Generaldirektor für Landwirtschaft und ländliche Entwicklung


(1)   ABl. L 299 vom 16.11.2007, S. 1.

(2)   ABl. L 187 vom 21.7.2010, S. 5.


ANHANG I

Ab dem 16. Januar 2013 für die Erzeugnisse gemäß Artikel 136 Absatz 1 der Verordnung (EG) Nr. 1234/2007 geltende Einfuhrzölle

KN-Code

Warenbezeichnung

Einfuhrzoll (1)

(EUR/t)

1001 19 00

1001 11 00

HARTWEIZEN der oberen Qualität

0,00

mittlerer Qualität

0,00

niederer Qualität

0,00

ex 1001 91 20

WEICHWEIZEN, zur Aussaat

0,00

ex 1001 99 00

WEICHWEIZEN der oberen Qualität, anderer als zur Aussaat

0,00

1002 10 00

1002 90 00

ROGGEN

0,00

1005 10 90

MAIS, zur Aussaat, anderer als Hybridmais

0,00

1005 90 00

MAIS, anderer als zur Aussaat (2)

0,00

1007 10 90

1007 90 00

KÖRNER-SORGHUM, anderer als Hybrid-Körner-Sorghum, zur Aussaat

0,00


(1)  Gemäß Artikel 2 Absatz 4 der Verordnung (EU) Nr. 642/2010 kann der Einfuhrzoll ermäßigt werden um

3 EUR/t, wenn sich der Einfuhrhafen in der Union am Mittelmeer (jenseits der Meerenge von Gibraltar) oder am Schwarzen Meer befindet und die Ware über den Atlantischen Ozean oder den Suezkanal eintrifft,

2 EUR/t, wenn sich der Einfuhrhafen in der Union in Dänemark, Estland, Irland, Lettland, Litauen, Polen, Finnland, Schweden, im Vereinigten Königreich oder an der Atlantikküste der Iberischen Halbinsel befindet und die Ware über den Atlantischen Ozean eintrifft.

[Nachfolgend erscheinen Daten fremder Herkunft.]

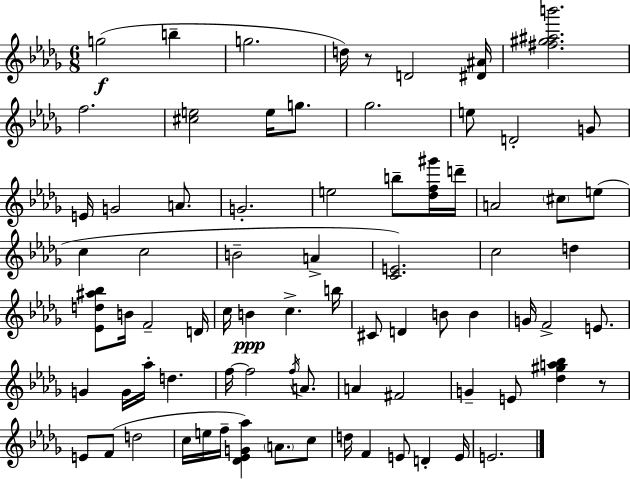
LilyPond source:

{
  \clef treble
  \numericTimeSignature
  \time 6/8
  \key bes \minor
  g''2(\f b''4-- | g''2. | d''16) r8 d'2 <dis' ais'>16 | <fis'' gis'' ais'' b'''>2. | \break f''2. | <cis'' e''>2 e''16 g''8. | ges''2. | e''8 d'2-. g'8 | \break e'16 g'2 a'8. | g'2.-. | e''2 b''8-- <des'' f'' gis'''>16 d'''16-- | a'2 \parenthesize cis''8 e''8( | \break c''4 c''2 | b'2-- a'4-> | <c' e'>2.) | c''2 d''4 | \break <ees' d'' ais'' bes''>8 b'16 f'2-- d'16 | c''16 b'4\ppp c''4.-> b''16 | cis'8 d'4 b'8 b'4 | g'16 f'2-> e'8. | \break g'4 g'16 aes''16-. d''4. | f''16~~ f''2 \acciaccatura { f''16 } a'8. | a'4 fis'2 | g'4-- e'8 <des'' gis'' a'' bes''>4 r8 | \break e'8 f'8( d''2 | c''16 e''16 f''16-- <des' ees' g' aes''>4) \parenthesize a'8. c''8 | d''16 f'4 e'8 d'4-. | e'16 e'2. | \break \bar "|."
} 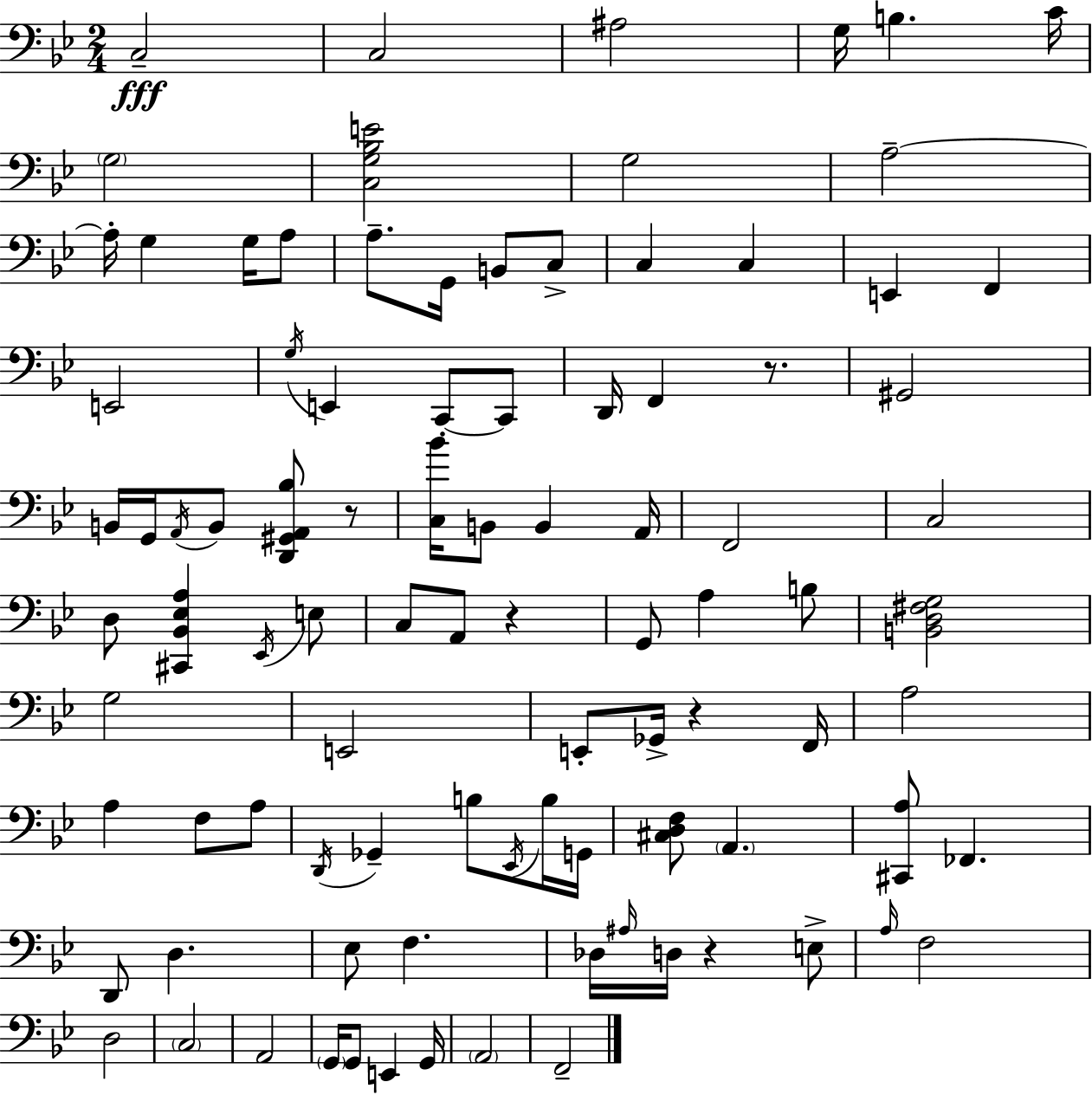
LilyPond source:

{
  \clef bass
  \numericTimeSignature
  \time 2/4
  \key bes \major
  c2--\fff | c2 | ais2 | g16 b4. c'16 | \break \parenthesize g2 | <c g bes e'>2 | g2 | a2--~~ | \break a16-. g4 g16 a8 | a8.-- g,16 b,8 c8-> | c4 c4 | e,4 f,4 | \break e,2 | \acciaccatura { g16 } e,4 c,8-.~~ c,8 | d,16 f,4 r8. | gis,2 | \break b,16 g,16 \acciaccatura { a,16 } b,8 <d, gis, a, bes>8 | r8 <c bes'>16 b,8 b,4 | a,16 f,2 | c2 | \break d8 <cis, bes, ees a>4 | \acciaccatura { ees,16 } e8 c8 a,8 r4 | g,8 a4 | b8 <b, d fis g>2 | \break g2 | e,2 | e,8-. ges,16-> r4 | f,16 a2 | \break a4 f8 | a8 \acciaccatura { d,16 } ges,4-- | b8 \acciaccatura { ees,16 } b16 g,16 <cis d f>8 \parenthesize a,4. | <cis, a>8 fes,4. | \break d,8 d4. | ees8 f4. | des16 \grace { ais16 } d16 | r4 e8-> \grace { a16 } f2 | \break d2 | \parenthesize c2 | a,2 | \parenthesize g,16 | \break g,8 e,4 g,16 \parenthesize a,2 | f,2-- | \bar "|."
} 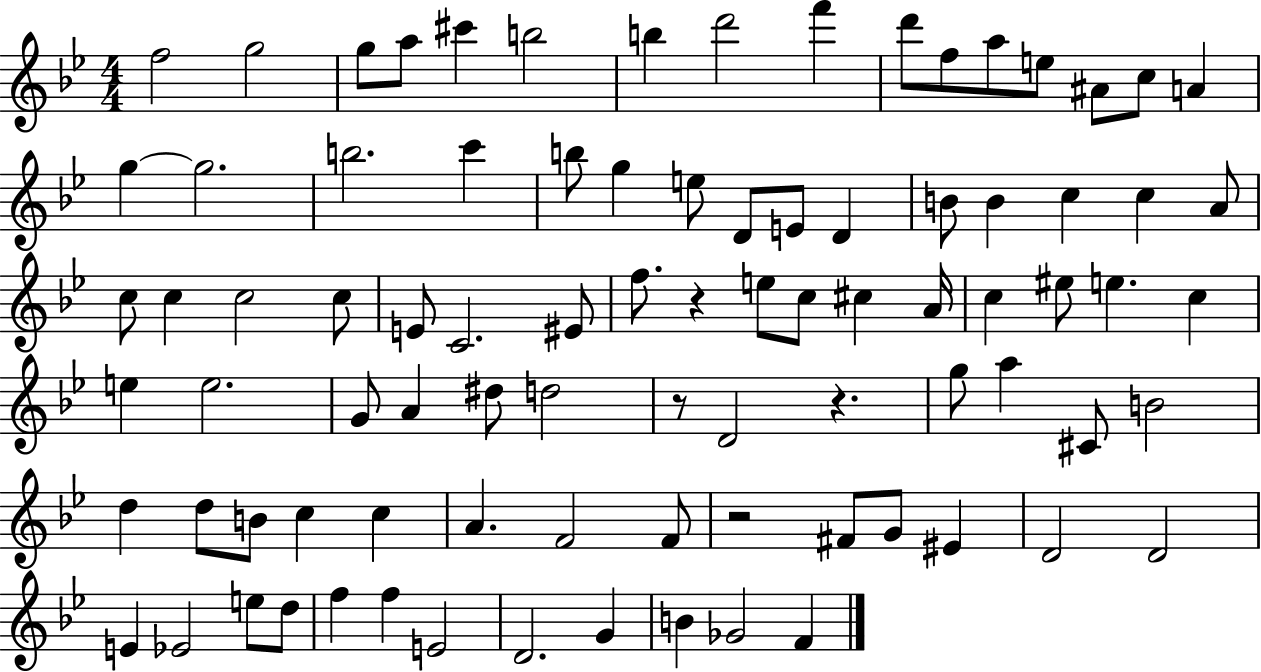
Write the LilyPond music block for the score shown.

{
  \clef treble
  \numericTimeSignature
  \time 4/4
  \key bes \major
  f''2 g''2 | g''8 a''8 cis'''4 b''2 | b''4 d'''2 f'''4 | d'''8 f''8 a''8 e''8 ais'8 c''8 a'4 | \break g''4~~ g''2. | b''2. c'''4 | b''8 g''4 e''8 d'8 e'8 d'4 | b'8 b'4 c''4 c''4 a'8 | \break c''8 c''4 c''2 c''8 | e'8 c'2. eis'8 | f''8. r4 e''8 c''8 cis''4 a'16 | c''4 eis''8 e''4. c''4 | \break e''4 e''2. | g'8 a'4 dis''8 d''2 | r8 d'2 r4. | g''8 a''4 cis'8 b'2 | \break d''4 d''8 b'8 c''4 c''4 | a'4. f'2 f'8 | r2 fis'8 g'8 eis'4 | d'2 d'2 | \break e'4 ees'2 e''8 d''8 | f''4 f''4 e'2 | d'2. g'4 | b'4 ges'2 f'4 | \break \bar "|."
} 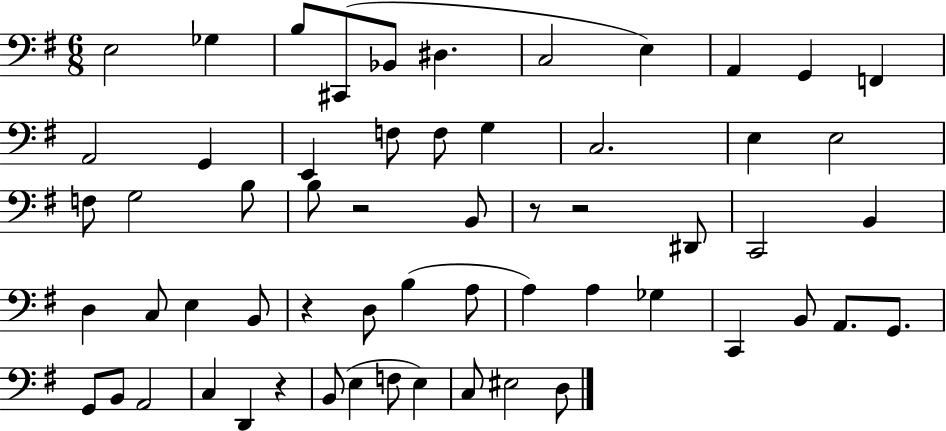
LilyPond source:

{
  \clef bass
  \numericTimeSignature
  \time 6/8
  \key g \major
  e2 ges4 | b8 cis,8( bes,8 dis4. | c2 e4) | a,4 g,4 f,4 | \break a,2 g,4 | e,4 f8 f8 g4 | c2. | e4 e2 | \break f8 g2 b8 | b8 r2 b,8 | r8 r2 dis,8 | c,2 b,4 | \break d4 c8 e4 b,8 | r4 d8 b4( a8 | a4) a4 ges4 | c,4 b,8 a,8. g,8. | \break g,8 b,8 a,2 | c4 d,4 r4 | b,8( e4 f8 e4) | c8 eis2 d8 | \break \bar "|."
} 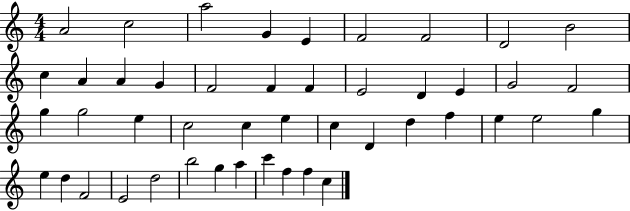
{
  \clef treble
  \numericTimeSignature
  \time 4/4
  \key c \major
  a'2 c''2 | a''2 g'4 e'4 | f'2 f'2 | d'2 b'2 | \break c''4 a'4 a'4 g'4 | f'2 f'4 f'4 | e'2 d'4 e'4 | g'2 f'2 | \break g''4 g''2 e''4 | c''2 c''4 e''4 | c''4 d'4 d''4 f''4 | e''4 e''2 g''4 | \break e''4 d''4 f'2 | e'2 d''2 | b''2 g''4 a''4 | c'''4 f''4 f''4 c''4 | \break \bar "|."
} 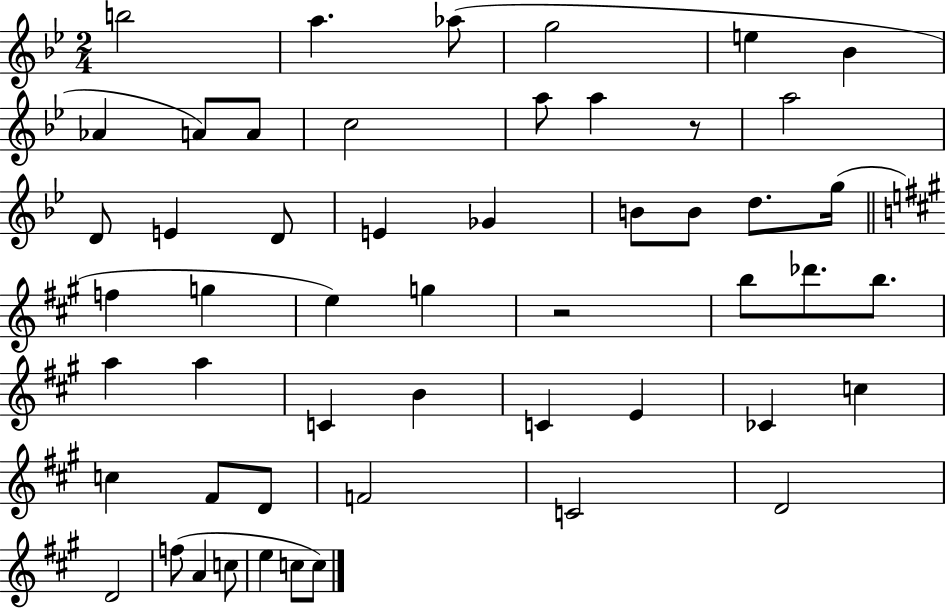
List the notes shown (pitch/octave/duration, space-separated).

B5/h A5/q. Ab5/e G5/h E5/q Bb4/q Ab4/q A4/e A4/e C5/h A5/e A5/q R/e A5/h D4/e E4/q D4/e E4/q Gb4/q B4/e B4/e D5/e. G5/s F5/q G5/q E5/q G5/q R/h B5/e Db6/e. B5/e. A5/q A5/q C4/q B4/q C4/q E4/q CES4/q C5/q C5/q F#4/e D4/e F4/h C4/h D4/h D4/h F5/e A4/q C5/e E5/q C5/e C5/e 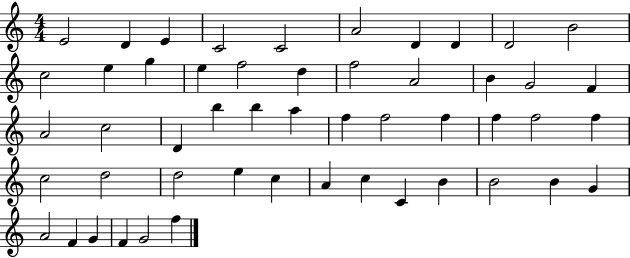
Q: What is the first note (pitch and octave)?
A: E4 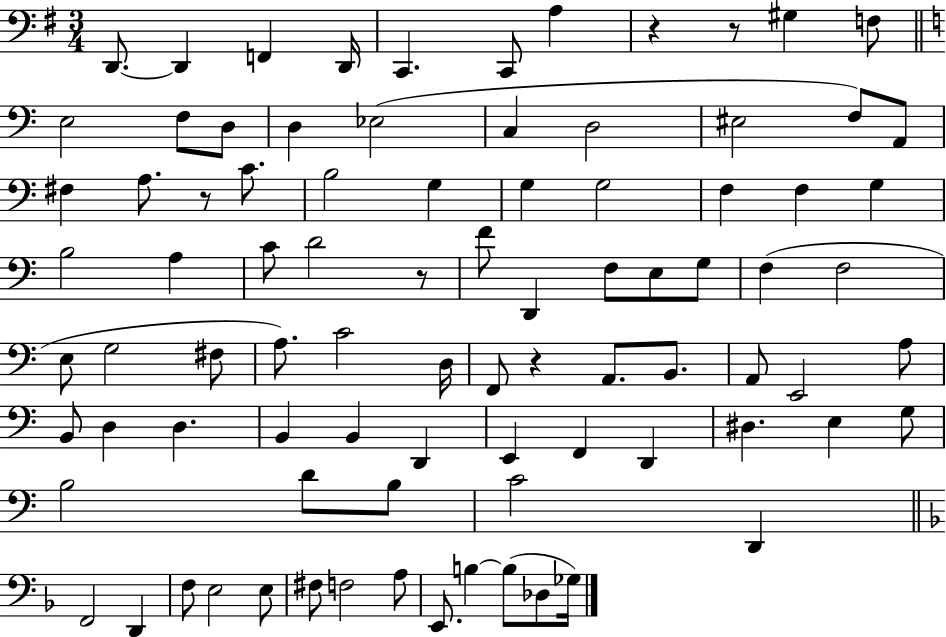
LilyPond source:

{
  \clef bass
  \numericTimeSignature
  \time 3/4
  \key g \major
  d,8.~~ d,4 f,4 d,16 | c,4. c,8 a4 | r4 r8 gis4 f8 | \bar "||" \break \key c \major e2 f8 d8 | d4 ees2( | c4 d2 | eis2 f8) a,8 | \break fis4 a8. r8 c'8. | b2 g4 | g4 g2 | f4 f4 g4 | \break b2 a4 | c'8 d'2 r8 | f'8 d,4 f8 e8 g8 | f4( f2 | \break e8 g2 fis8 | a8.) c'2 d16 | f,8 r4 a,8. b,8. | a,8 e,2 a8 | \break b,8 d4 d4. | b,4 b,4 d,4 | e,4 f,4 d,4 | dis4. e4 g8 | \break b2 d'8 b8 | c'2 d,4 | \bar "||" \break \key d \minor f,2 d,4 | f8 e2 e8 | fis8 f2 a8 | e,8. b4~~ b8( des8 ges16) | \break \bar "|."
} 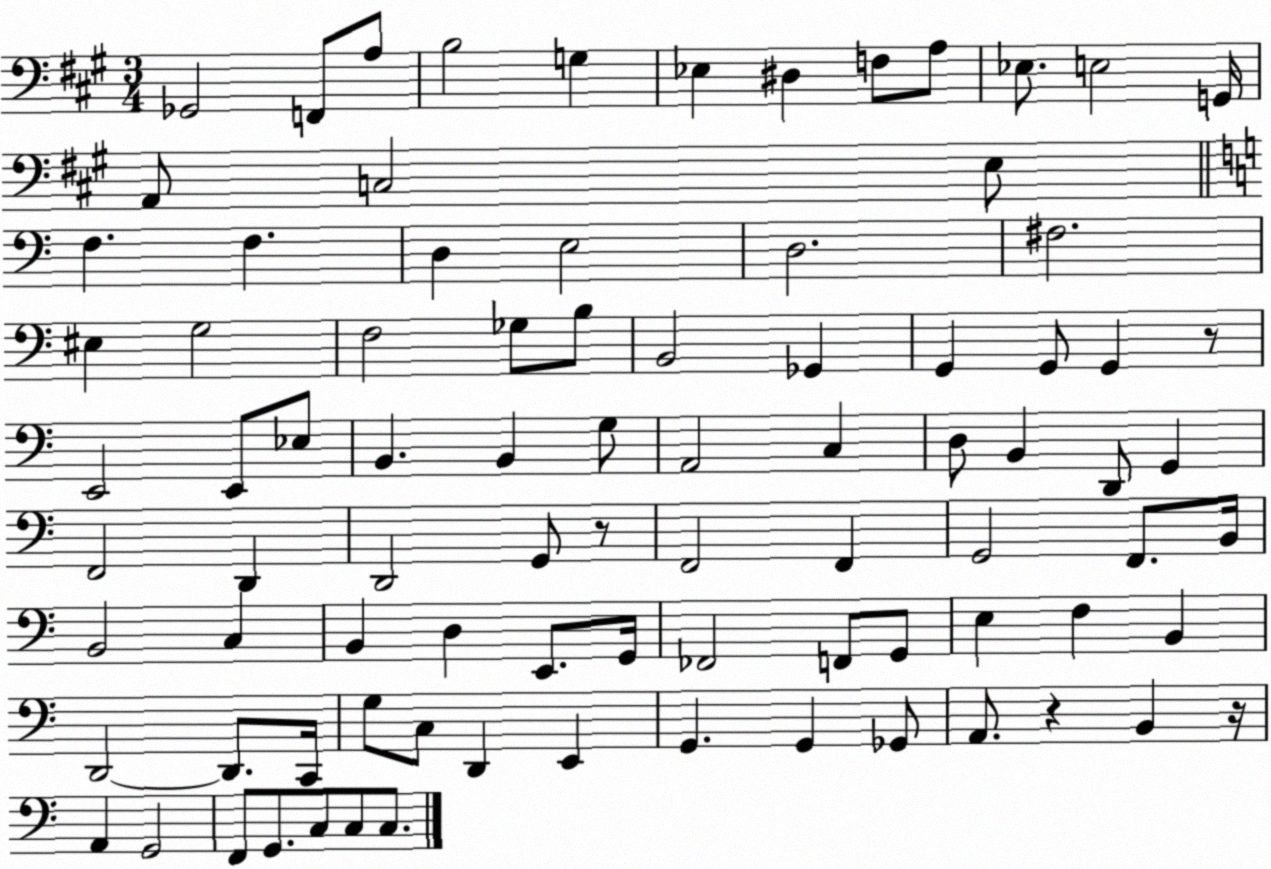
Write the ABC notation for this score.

X:1
T:Untitled
M:3/4
L:1/4
K:A
_G,,2 F,,/2 A,/2 B,2 G, _E, ^D, F,/2 A,/2 _E,/2 E,2 G,,/4 A,,/2 C,2 E,/2 F, F, D, E,2 D,2 ^F,2 ^E, G,2 F,2 _G,/2 B,/2 B,,2 _G,, G,, G,,/2 G,, z/2 E,,2 E,,/2 _E,/2 B,, B,, G,/2 A,,2 C, D,/2 B,, D,,/2 G,, F,,2 D,, D,,2 G,,/2 z/2 F,,2 F,, G,,2 F,,/2 B,,/4 B,,2 C, B,, D, E,,/2 G,,/4 _F,,2 F,,/2 G,,/2 E, F, B,, D,,2 D,,/2 C,,/4 G,/2 C,/2 D,, E,, G,, G,, _G,,/2 A,,/2 z B,, z/4 A,, G,,2 F,,/2 G,,/2 C,/2 C,/2 C,/2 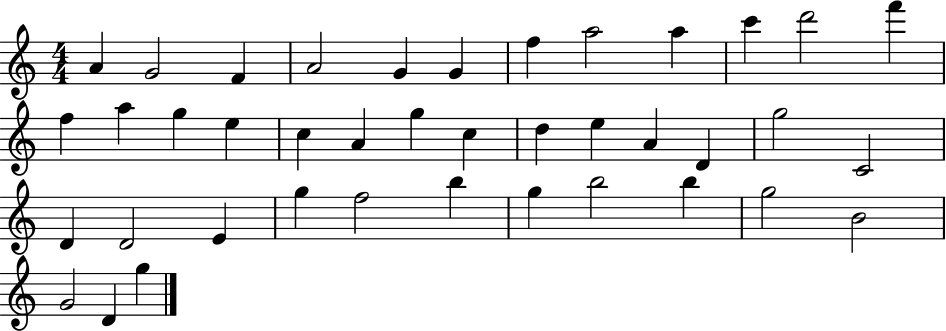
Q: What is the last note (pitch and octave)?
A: G5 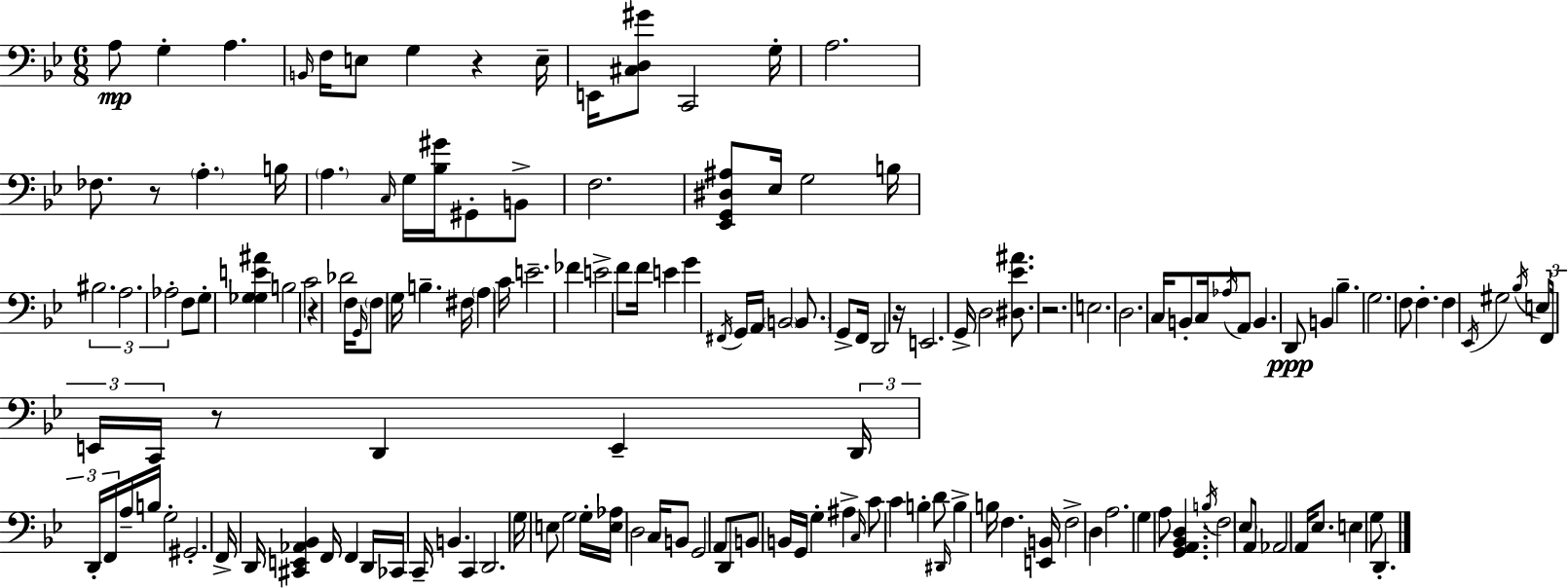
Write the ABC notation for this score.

X:1
T:Untitled
M:6/8
L:1/4
K:Gm
A,/2 G, A, B,,/4 F,/4 E,/2 G, z E,/4 E,,/4 [^C,D,^G]/2 C,,2 G,/4 A,2 _F,/2 z/2 A, B,/4 A, C,/4 G,/4 [_B,^G]/4 ^G,,/2 B,,/2 F,2 [_E,,G,,^D,^A,]/2 _E,/4 G,2 B,/4 ^B,2 A,2 _A,2 F,/2 G,/2 [_G,_G,E^A] B,2 C2 z _D2 F,/4 G,,/4 F,/2 G,/4 B, ^F,/4 A, C/4 E2 _F E2 F/2 F/4 E G ^F,,/4 G,,/4 A,,/4 B,,2 B,,/2 G,,/2 F,,/4 D,,2 z/4 E,,2 G,,/4 D,2 [^D,_E^A]/2 z2 E,2 D,2 C,/4 B,,/2 C,/4 _A,/4 A,,/2 B,, D,,/2 B,, _B, G,2 F,/2 F, F, _E,,/4 ^G,2 _B,/4 E,/2 F,,/4 E,,/4 C,,/4 z/2 D,, E,, D,,/4 D,,/4 F,,/4 A,/4 B,/4 G,2 ^G,,2 F,,/4 D,,/4 [^C,,E,,_A,,_B,,] F,,/4 F,, D,,/4 _C,,/4 C,,/4 B,, C,, D,,2 G,/4 E,/2 G,2 G,/4 [E,_A,]/4 D,2 C,/4 B,,/2 G,,2 A,,/2 D,,/2 B,,/2 B,,/4 G,,/4 G, ^A, C,/4 C/2 C B, D/2 ^D,,/4 B, B,/4 F, [E,,B,,]/4 F,2 D, A,2 G, A,/2 [G,,A,,_B,,D,] B,/4 F,2 _E,/2 A,,/2 _A,,2 A,,/4 _E,/2 E, G,/2 D,,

(2)  Der Einfuhrzoll kann pauschal um 24 EUR/t ermäßigt werden, wenn die Bedingungen nach Artikel 3 der Verordnung (EU) Nr. 642/2010 erfüllt sind.


ANHANG II

Berechnungsbestandteile für die Zölle in Anhang I

2.1.2013-14.1.2013

1.

Durchschnittswerte für den in Artikel 2 Absatz 2 der Verordnung (EU) Nr. 642/2010 genannten Bezugszeitraum:

(EUR/t)

 

Weichweizen (1)

Mais

Hartweizen hoher Qualität

Hartweizen mittlerer Qualität (2)

Hartweizen niederer Qualität (3)

Börsennotierungen

Minnéapolis

Chicago

Notierung

250,05

208,35

FOB-Preis USA

303,11

293,11

273,11

Golf-Prämie

76,71

17,95

Prämie Große Seen

2.

Durchschnittswerte für den in Artikel 2 Absatz 2 der Verordnung (EU) Nr. 642/2010 genannten Bezugszeitraum:

Frachtkosten: Golf von Mexiko — Rotterdam:

14,22  EUR/t

Frachtkosten: Große Seen — Rotterdam:

— EUR/t


(1)  Positive Prämie von 14 EUR/t inbegriffen (Artikel 5 Absatz 3 der Verordnung (EU) Nr. 642/2010).

(2)  Negative Prämie von 10 EUR/t (Artikel 5 Absatz 3 der Verordnung (EU) Nr. 642/2010).

(3)  Negative Prämie von 30 EUR/t (Artikel 5 Absatz 3 der Verordnung (EU) Nr. 642/2010).